Both numbers are rounded up to two decimal places. Part of the total sum of squared, or the previously unexplainable variation in the dependent variable, the value 760,086,436, can now be explained by the regression model. This amount, represented by regression SS is 757,881,401, which is displayed under SS column on the row for “regression.” This value is called sum of squares regression or regression sum of squares. As stated earlier, although this is a substantial difference it is misleading due to the fact that different numbers of values are used to get these sums. The sum for regression has one degree of freedom, while the sum for the total has 20 degrees of freedom. Other things equal, the sum of more numbers would be greater than the sum of fewer numbers. To determine whether the portion explained by regression is statistically significant, the regression sum of squares and the residual sum of squares are divided by their corresponding degrees of freedom. The customary comparison is between the portion explained and the portion that is unexplained, as will be discussed in detail in Chapter 6.
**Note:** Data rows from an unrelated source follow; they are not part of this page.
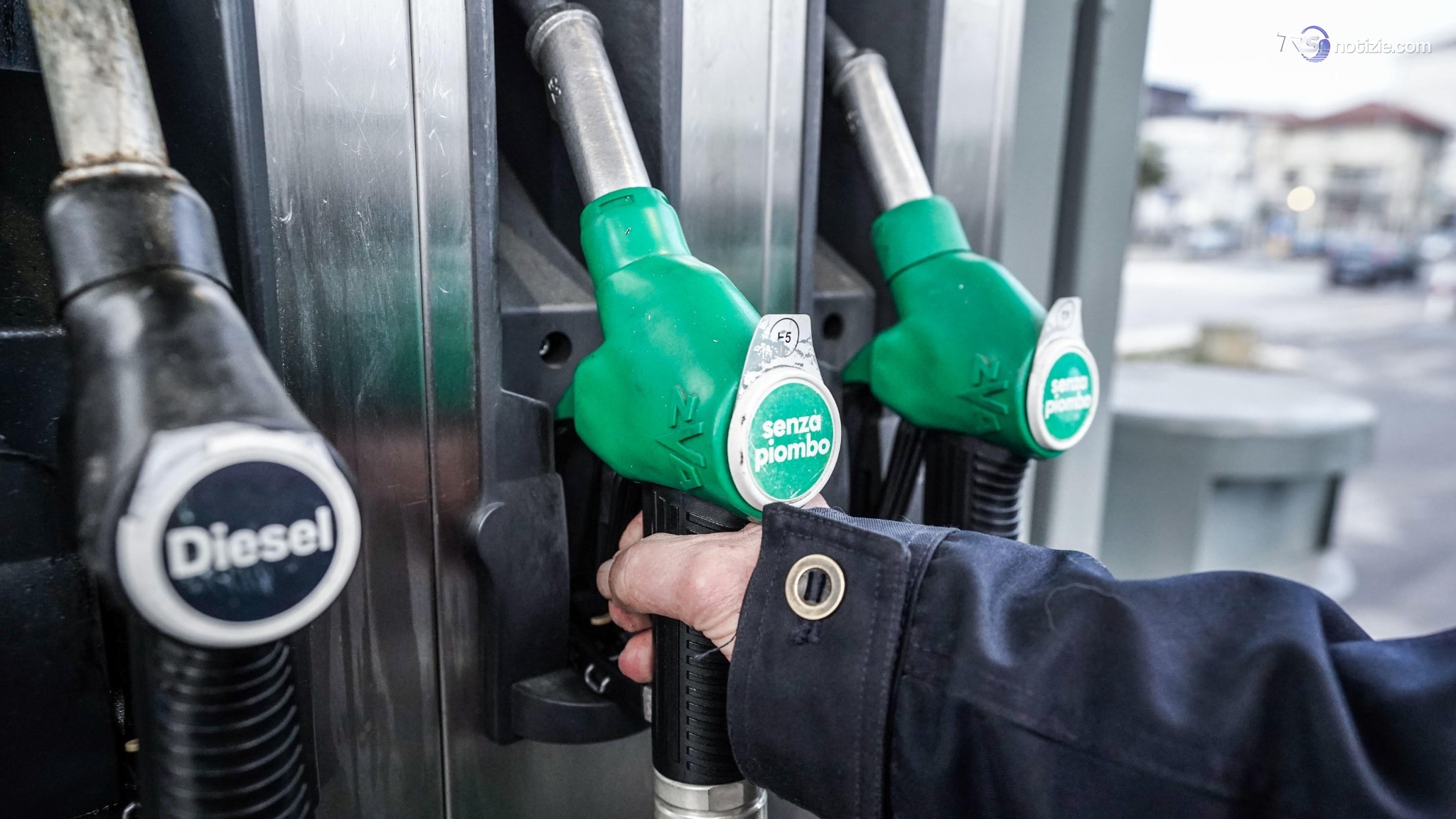 Caro carburante +21% dall’estate scorsa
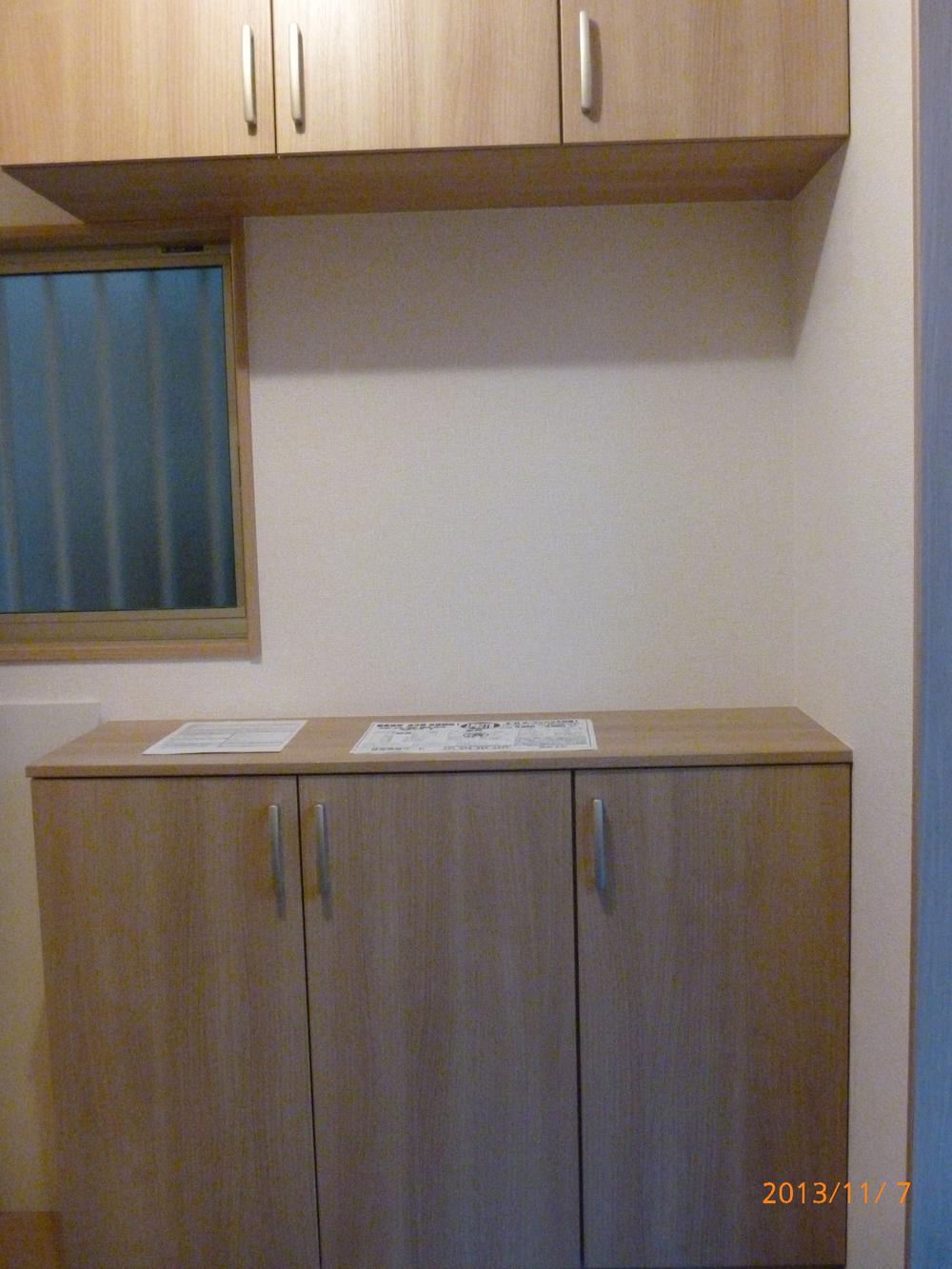 Entrance. Local (12 May 2013) Shooting Spacious shoes BOX 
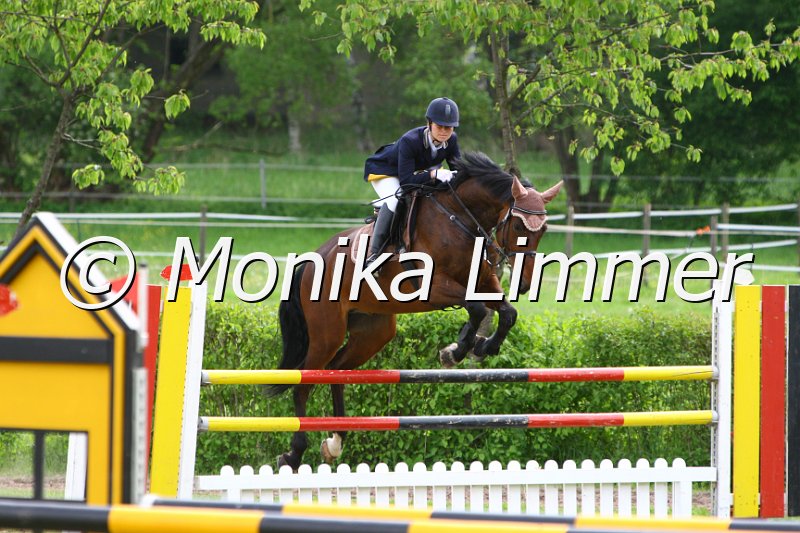 005M7083_Carlo Colucci_M Springen x.JPG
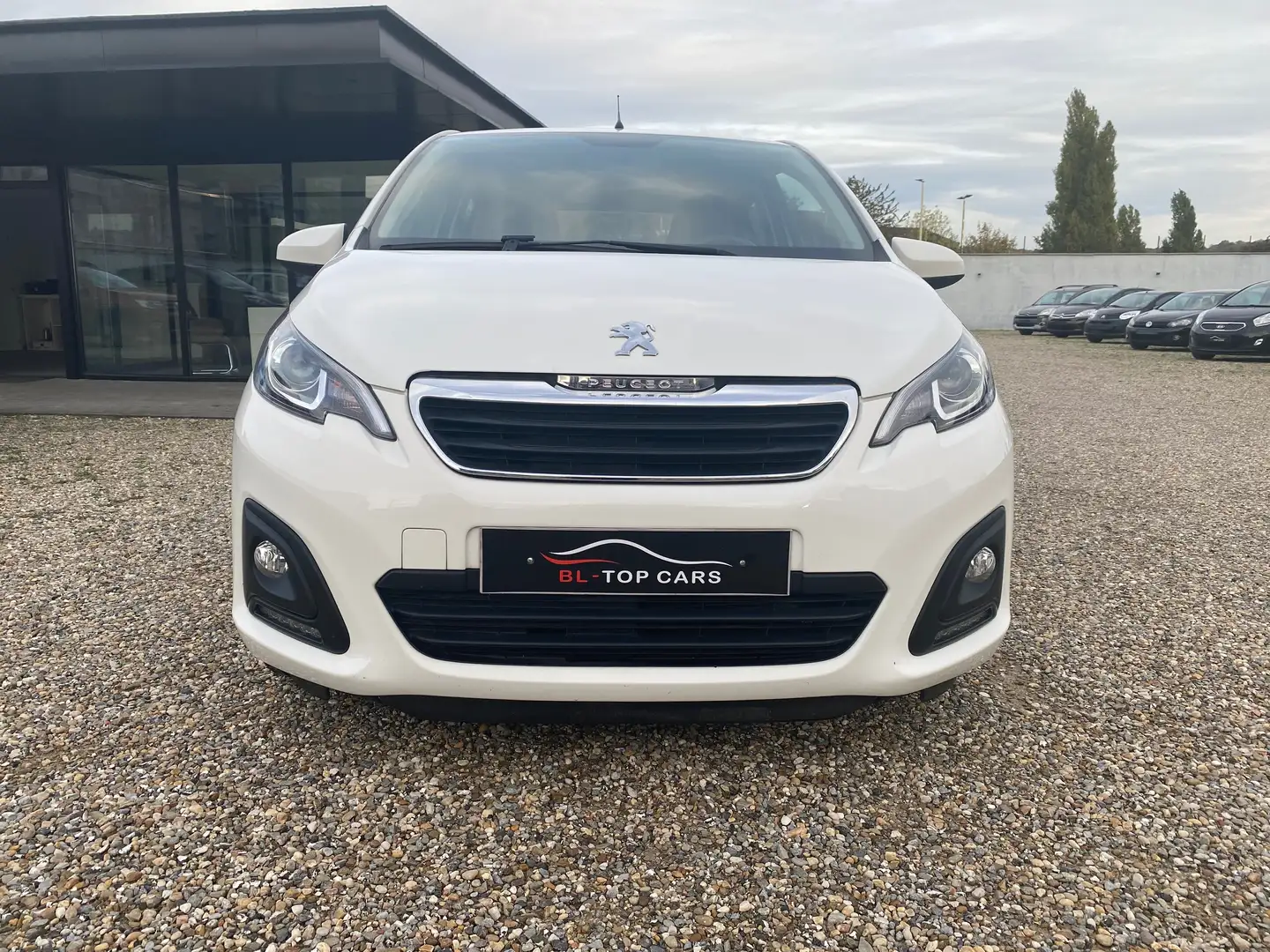 Peugeot 108 108 1.0 VTi Style ** 12 Mois De Garantie ** Blanc - 2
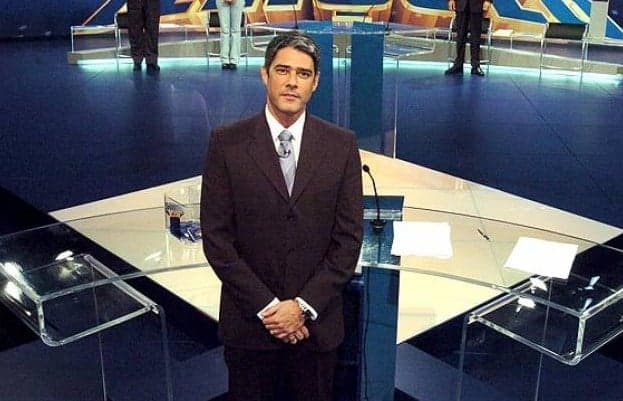 Colocando a vida em risco, William Bonner relata ocorrido após fortes chuvas no Rio de Janeiro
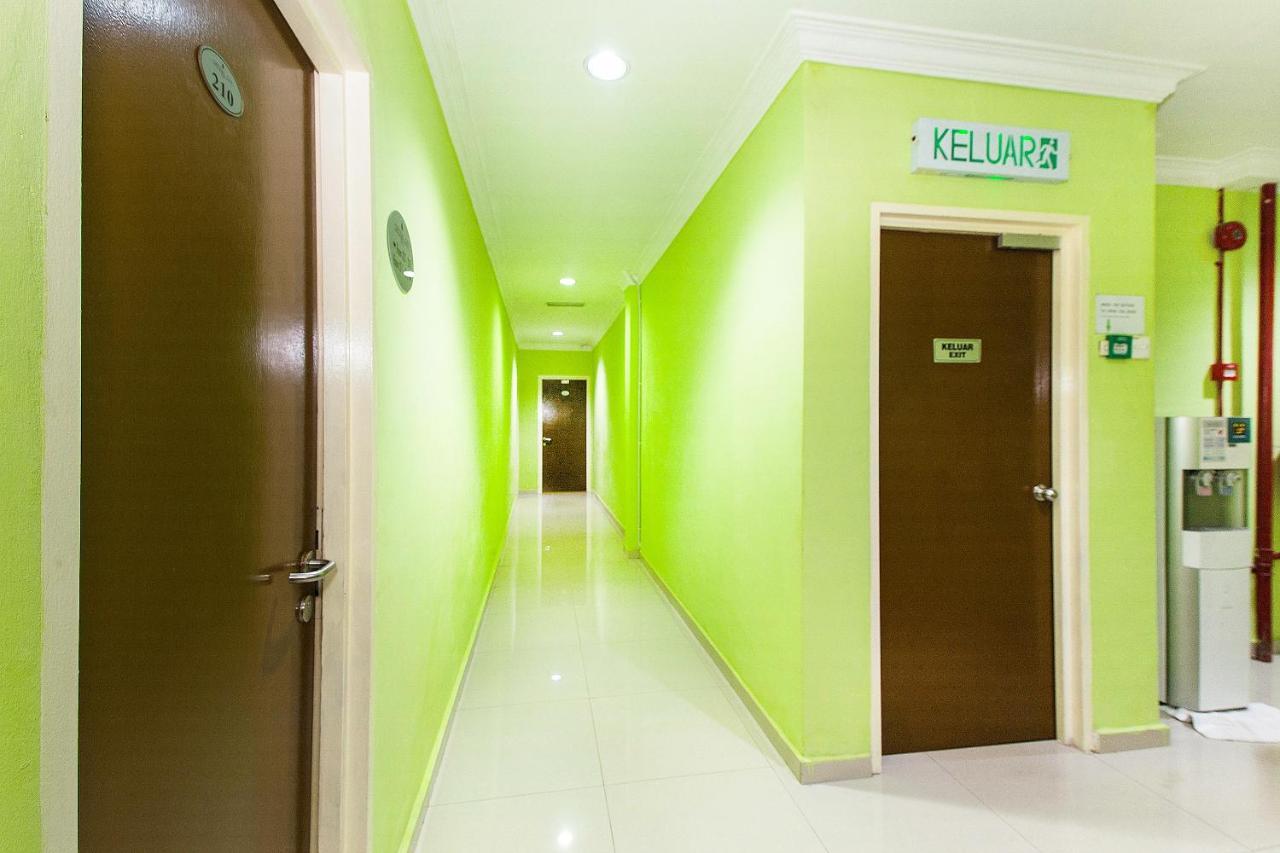 Crystal City Hotel Kuantan Ngoại thất bức ảnh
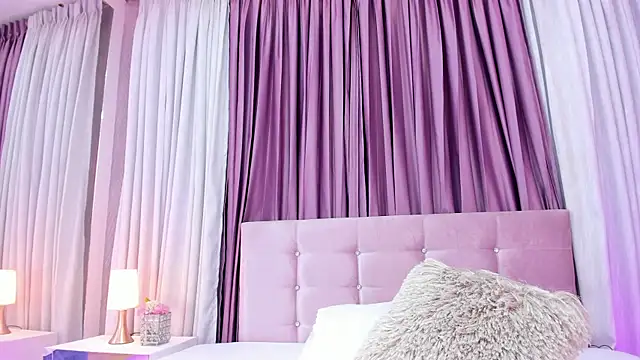 Snapshot of Allison-Bell1 chatting on 28, 12, 2024 Allison-Bell1 online show from 28, 12, 2024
Residual sum of squares is the amount of variation in the dependent variable that is unexplained by either the mean of dependent variable or regression line. Here too, the appropriate value is the average value instead of the sum. To obtain average value of regression sum of squares and residual sum of squares, divide them by their respective degrees of freedom, which are 1 and 19 for this example. The results are called regression mean square (757,881,401) and residual mean square (116,054), respectively. These terms can also be called mean square regression and mean square residual, respectively. It is not unusual to refer to residual as error, in the above terms.

Verify that MS for regression and residual is obtained by dividing their respective SS by the corresponding degrees of freedom for data in Table 2.2. We will demonstrate this in an example in Chapter 3. The ratio of mean-squared regression to mean-squared residual provides the value of the F statistics. Dividing 757,881,401/116,054 = 6,530, which is provided in Table 2.2 in the regression output.

The above exercise demonstrates that regression analysis can reduce the amount of unexplained variations in the dependent variable. F statistics is the measure that verifies whether the explained portion of the dependent variable exceeds the unexplained portion. F statistics is discussed in more detail in Chapter 4 and more formally in Chapter 5.1 The above practice demonstrates that regression line is better than the average of the dependent variable in explaining variation of values of dependent variable. However, there are numerous other statistics that can be used to explain this variation. We need to establish which one produces the smallest average error. The idea of finding the smallest possible average of errors is a novel one. Unfortunately, it is useless if the deviations from mean are used because, as we showed earlier, the sums of deviations of observations from their mean or deviations from regression line are both zero. There is no smaller average error than zero error. The problem is not in the novelty of using the method; it is in the fact that errors cancel each other out. One remedy is to square the errors to avoid such cancellation, which was used in the above demonstrations. The sum of squared errors (SSE) is never zero unless all the errors are identical and equal to zero, which can happen if only if all the observations have the exact same values—another boring and unrealistic case. There are mathematical methods to find estimates of the parameters of model, namely β0 and β1, such that the estimated equation would have the least squared errors, which is the origin of the name of the OLS as an alternative to the name regression.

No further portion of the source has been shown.